The effects of strong antiretroviral medication on HIVAN have not yet been explored in a controlled trial; the AIDS Clinical Trials Group is currently reviewing guidelines for such an investigation. In the absence of data from controlled studies, Dr. Klotman’s team has developed a mathematical model to estimate the influence of potent medication on the increase in the prevalence of end-stage renal disease (ESRD) among HIV-infected black patients. This model demonstrates that the decrease in prevalence of ESRD since 1995, which can be attributable to HIVAN, can be explained by the introduction of effective antiretroviral medication. The best fit of the available data indicates that effective therapy has reduced the growth in the number of HIV-infected black patients with ESRD by an estimated 28 percent.

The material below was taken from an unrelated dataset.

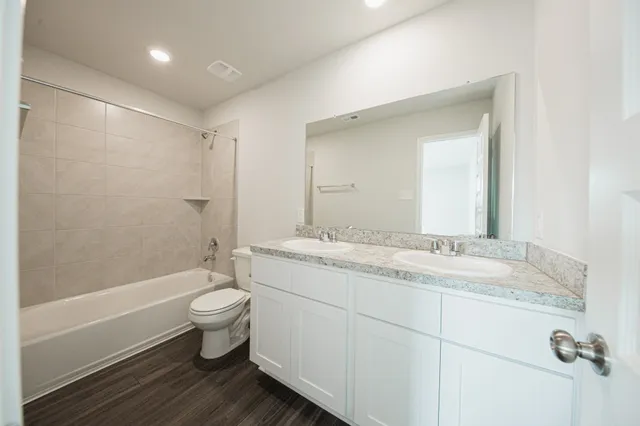 a bathroom with a granite countertop sink toilet and shower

This model also predicts that the number of HIV-infected patients with end-stage renal disease (ESRD) will continue to rise in the absence of a drug with 100 percent efficacy and as the pool of patients at risk for developing HIVAN (i.e., black patients who are HIV-seropositive or living with AIDS) increases.

 

Dr. Klotman and colleagues’ recent experience with a patient who presented with ESRD during acute HIV seroconversion provides anecdotal evidence of a favorable effect of powerful antiretroviral therapy on very early onset HIVAN. Microcystic disease and focal segmental glomerulosclerosis were identified in a biopsy performed on a patient who was due to undergo dialysis, which are hallmarks of HIVAN. The patient was administered rigorous antiretroviral medication, and the plasma HIV RNA level was reduced below the detection threshold. The patient’s renal insufficiency was totally resolved after three months. Repeated biopsies revealed reversal of microcystic alterations observed prior to the initiation of strong antiretroviral medication and remission of collapsing glomerular disease with residual scarring. Collagen staining revealed persistent interstitial fibrosis, but the condition was significantly better than before therapy. Prior to powerful antiretroviral therapy, LTR circular viral DNA in biopsy samples was strongly positive, but this was no longer the case following treatment. In addition, the cure of renal failure was accompanied by a restoration of podocyte differentiation (as demonstrated by enhanced synaptopodin staining) and normal cell proliferation (as indicated by normal-ized Ki67 marker positivity). In situ hybridization for viral mRNA, however, revealed a (low) degree of ongoing viral transcription. Observations of this patient suggest that renal damage due to active infection may occur early in the course of HIV infection and that potent antiretroviral therapy may have a beneficial effect on the progression of HIVAN by halting such damage, thereby allowing for structural and functional reconstitution. In addition, the finding of ongoing viral transcription in the absence of active cellular infection during potent antiretroviral therapy supports the hypothesis that the kidney may be a viral reservoir; however, it is unknown whether the kidney may be a source of viral repopulation when the effectiveness of potent antiretroviral therapy in suppressing viral replication is reduced or when drug pressure is removed.